Block MMAD Code Explained

1. Block MMAD Overview

Block Matrix Multiply-Add (Block MMAD) is a core component in the CATLASS template library responsible for block matrix multiplication. It resides in the middle layer of the compute architecture. It interfaces with the Kernel layer above and the Tile layer below, efficiently loading data from global memory (GM) into local memory (L1/L0) and scheduling tile matrix multiplication tasks.

Block MMAD adopts a highly modular and template-based design. It supports multiple scheduling strategies, tile shapes, and data types. This flexibility allows it to adapt to different hardware architectures and computational requirements. This document uses BlockMmadPingpong as an example.

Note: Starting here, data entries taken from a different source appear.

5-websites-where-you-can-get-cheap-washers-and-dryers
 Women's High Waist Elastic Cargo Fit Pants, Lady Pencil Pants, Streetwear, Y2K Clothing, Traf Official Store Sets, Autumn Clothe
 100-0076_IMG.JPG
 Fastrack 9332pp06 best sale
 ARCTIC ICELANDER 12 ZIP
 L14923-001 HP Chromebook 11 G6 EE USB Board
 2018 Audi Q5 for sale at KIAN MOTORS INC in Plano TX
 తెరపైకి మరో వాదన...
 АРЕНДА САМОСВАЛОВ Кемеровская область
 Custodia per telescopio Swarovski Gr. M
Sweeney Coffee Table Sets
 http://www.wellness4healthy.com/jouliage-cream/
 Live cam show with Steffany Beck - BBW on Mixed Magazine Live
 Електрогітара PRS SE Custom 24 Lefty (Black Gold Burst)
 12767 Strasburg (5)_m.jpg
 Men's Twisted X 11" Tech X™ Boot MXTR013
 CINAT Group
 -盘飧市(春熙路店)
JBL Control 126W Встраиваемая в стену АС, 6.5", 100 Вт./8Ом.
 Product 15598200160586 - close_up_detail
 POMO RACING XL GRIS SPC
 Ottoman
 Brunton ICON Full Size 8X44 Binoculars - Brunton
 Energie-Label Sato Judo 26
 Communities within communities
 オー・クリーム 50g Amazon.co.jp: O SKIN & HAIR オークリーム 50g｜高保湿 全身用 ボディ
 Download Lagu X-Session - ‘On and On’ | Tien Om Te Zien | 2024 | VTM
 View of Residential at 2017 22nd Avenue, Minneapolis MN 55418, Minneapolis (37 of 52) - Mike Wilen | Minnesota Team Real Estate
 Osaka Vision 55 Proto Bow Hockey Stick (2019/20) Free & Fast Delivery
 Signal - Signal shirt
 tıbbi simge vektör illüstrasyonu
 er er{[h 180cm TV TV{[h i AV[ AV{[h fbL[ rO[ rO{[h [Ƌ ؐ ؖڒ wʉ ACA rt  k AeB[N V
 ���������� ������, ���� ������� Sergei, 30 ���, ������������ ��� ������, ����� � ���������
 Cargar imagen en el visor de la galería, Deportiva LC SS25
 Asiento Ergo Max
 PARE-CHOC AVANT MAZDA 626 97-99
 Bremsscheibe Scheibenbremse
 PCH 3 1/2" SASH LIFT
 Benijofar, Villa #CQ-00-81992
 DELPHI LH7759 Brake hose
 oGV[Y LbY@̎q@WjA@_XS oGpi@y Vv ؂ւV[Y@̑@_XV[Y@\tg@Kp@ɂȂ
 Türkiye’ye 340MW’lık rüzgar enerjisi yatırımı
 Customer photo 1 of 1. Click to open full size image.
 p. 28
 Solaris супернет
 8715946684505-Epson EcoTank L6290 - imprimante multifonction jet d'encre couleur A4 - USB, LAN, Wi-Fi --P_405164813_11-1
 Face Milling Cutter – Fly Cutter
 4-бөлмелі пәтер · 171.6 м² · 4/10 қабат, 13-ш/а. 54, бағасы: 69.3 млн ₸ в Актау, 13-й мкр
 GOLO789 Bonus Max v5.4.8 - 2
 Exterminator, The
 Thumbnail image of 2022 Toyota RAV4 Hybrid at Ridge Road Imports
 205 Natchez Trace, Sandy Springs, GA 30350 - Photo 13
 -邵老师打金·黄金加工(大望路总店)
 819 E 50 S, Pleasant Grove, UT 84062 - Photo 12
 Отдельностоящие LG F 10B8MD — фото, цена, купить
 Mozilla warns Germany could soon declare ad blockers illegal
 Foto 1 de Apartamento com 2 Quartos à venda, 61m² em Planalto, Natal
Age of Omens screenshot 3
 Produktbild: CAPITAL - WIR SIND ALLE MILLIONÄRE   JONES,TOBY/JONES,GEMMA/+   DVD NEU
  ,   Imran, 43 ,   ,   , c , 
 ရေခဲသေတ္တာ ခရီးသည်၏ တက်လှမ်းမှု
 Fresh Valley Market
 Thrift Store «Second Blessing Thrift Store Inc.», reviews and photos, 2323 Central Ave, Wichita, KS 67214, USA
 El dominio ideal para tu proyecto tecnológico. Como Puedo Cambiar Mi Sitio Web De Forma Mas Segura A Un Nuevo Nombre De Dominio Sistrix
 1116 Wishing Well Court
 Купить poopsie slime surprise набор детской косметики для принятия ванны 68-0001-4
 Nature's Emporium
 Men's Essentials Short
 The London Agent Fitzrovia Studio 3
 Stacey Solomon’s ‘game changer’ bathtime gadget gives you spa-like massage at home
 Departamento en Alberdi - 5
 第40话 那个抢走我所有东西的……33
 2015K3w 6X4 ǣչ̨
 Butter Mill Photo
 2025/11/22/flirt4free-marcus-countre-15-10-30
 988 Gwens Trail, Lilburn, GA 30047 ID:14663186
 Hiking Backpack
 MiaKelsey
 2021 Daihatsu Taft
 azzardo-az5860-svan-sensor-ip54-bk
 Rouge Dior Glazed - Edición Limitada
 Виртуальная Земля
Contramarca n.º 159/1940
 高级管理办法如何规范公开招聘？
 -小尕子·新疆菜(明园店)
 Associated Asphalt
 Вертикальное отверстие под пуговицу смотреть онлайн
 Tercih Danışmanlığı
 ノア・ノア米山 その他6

2. Template Assembly Mechanism

The Block MMAD implementation is based on the following basic template structure:

template <
    class DispatchPolicy,
    class L1TileShape,
    class L0TileShape,
    class AType,
    class BType,
    class CType,
    class BiasType = void,
    class TileCopy = Gemm::Tile::TileCopy<typename DispatchPolicy::ArchTag, AType, BType, CType, BiasType>,
    class TileMmad = Gemm::Tile::TileMmad<typename DispatchPolicy::ArchTag, AType, BType, BiasType>
>
struct BlockMmad {
    // Type definition and core implementation
};

2.1 Core Template Parameters

Parameter Description
DispatchPolicy Scheduling policy that controls task distribution and execution flow
L1TileShape Shape of the tile at the L1 cache level, defining the M, N, and K dimensions
L0TileShape Shape of the tile at the L0 cache level, defining the M, N, and K dimensions
AType/BType/CType Data types and layout information for input matrices A, B, and output matrix C
BiasType (Optional) Bias data type
TileCopy Tile-level data copy component responsible for data transfer between memory levels
TileMmad Tile-level matrix multiplication component responsible for the actual computation

2.2 Type Export

Block MMAD establishes a unified type interface through its type export system, making it easier for upper-layer components to use:

public:
    // Type Aliases
    using DispatchPolicy = MmadAtlasA2Pingpong<ENABLE_UNIT_FLAG_>;
    using ArchTag = typename DispatchPolicy::ArchTag;
    using L1TileShape = L1TileShape_;
    using L0TileShape = L0TileShape_;
    using ElementA = typename AType_::Element;
    using LayoutA = typename AType_::Layout;
    using ElementB = typename BType_::Element;
    using LayoutB = typename BType_::Layout;
    using ElementC = typename CType_::Element;
    using LayoutC = typename CType_::Layout;
    using TileMmad = TileMmad_;
    using CopyGmToL1A = typename TileCopy_::CopyGmToL1A;
    using CopyGmToL1B = typename TileCopy_::CopyGmToL1B;
    using CopyL1ToL0A = typename TileCopy_::CopyL1ToL0A;
    using CopyL1ToL0B = typename TileCopy_::CopyL1ToL0B;
    using CopyL0CToGm = typename TileCopy_::CopyL0CToGm;
    using ElementAccumulator = typename Gemm::helper::ElementAccumulatorSelector<ElementA, ElementB>::ElementAccumulator;
    using LayoutAInL1 = typename CopyL1ToL0A::LayoutSrc;
    using LayoutBInL1 = typename CopyL1ToL0B::LayoutSrc;
    using LayoutAInL0 = typename CopyL1ToL0A::LayoutDst;
    using LayoutBInL0 = typename CopyL1ToL0B::LayoutDst;
    using LayoutCInL0 = layout::zN;

3. Memory Management and Cache Design

Block MMAD manages different levels of memory, including global memory (GM), L1 cache, and L0 cache.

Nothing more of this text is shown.